* _Problem_: Please restate word for word each line from the one containing "image de la" to the last line of the records below, and drop the pictures.

━━━━━ Data supplied

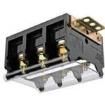 BN200NW2K  Connectors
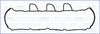 Прокладка, кришка головки циліндра AJUSA 11124200
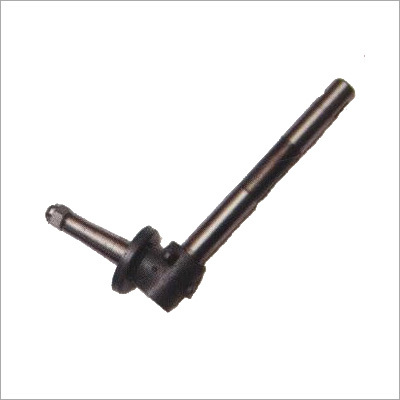 Swaraj Farm Tractor Parts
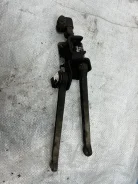 �������� ������ ������� Skoda Oktavia 1998 1J0711176C ������� AKL 1J0711176C ����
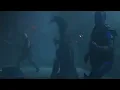 Dimmu Borgir   Progenies of the Great Apocalypse Live Wacken Open Air   August 2, 2007)   YouTube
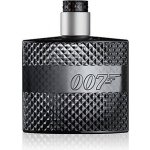 James Bond 007 toaletní voda pánská 30 ml – Hledejceny.cz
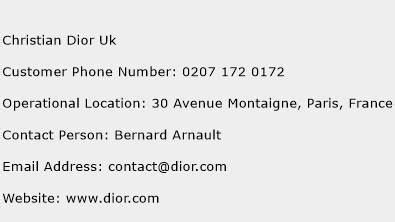 dior konzern|Dior contact number.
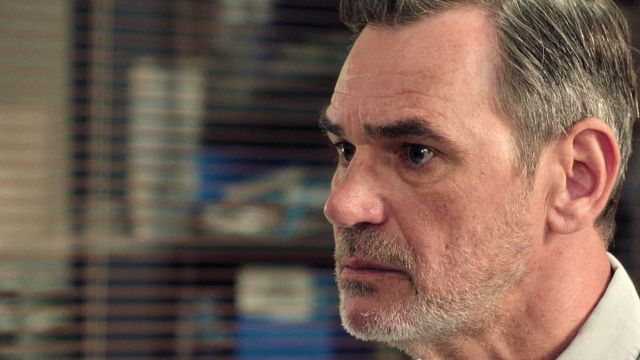 image de la news Plus belle la vie en avance : Patrick découvre l'impensable... Ce qui vous attend la semaine du 28 juillet au 1er août 2025 [SPOILERS]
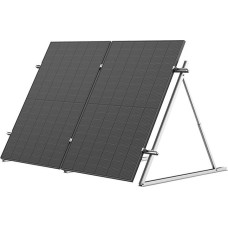 Ecoflow Adjustable Tilt Mount Bracket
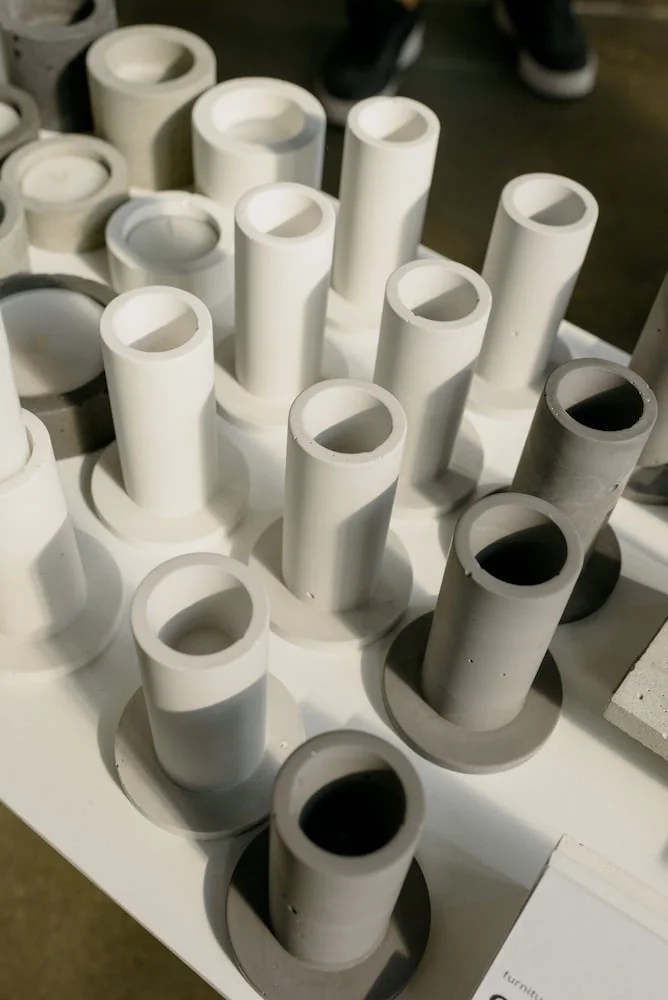 PolyB Plumbing & PolyB Pipes Common Issues and Replacement Summit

━━━━━━━━━━

* _Result_:
 image de la news Plus belle la vie en avance : Patrick découvre l'impensable... Ce qui vous attend la semaine du 28 juillet au 1er août 2025 [SPOILERS]
 Ecoflow Adjustable Tilt Mount Bracket
 PolyB Plumbing & PolyB Pipes Common Issues and Replacement Summit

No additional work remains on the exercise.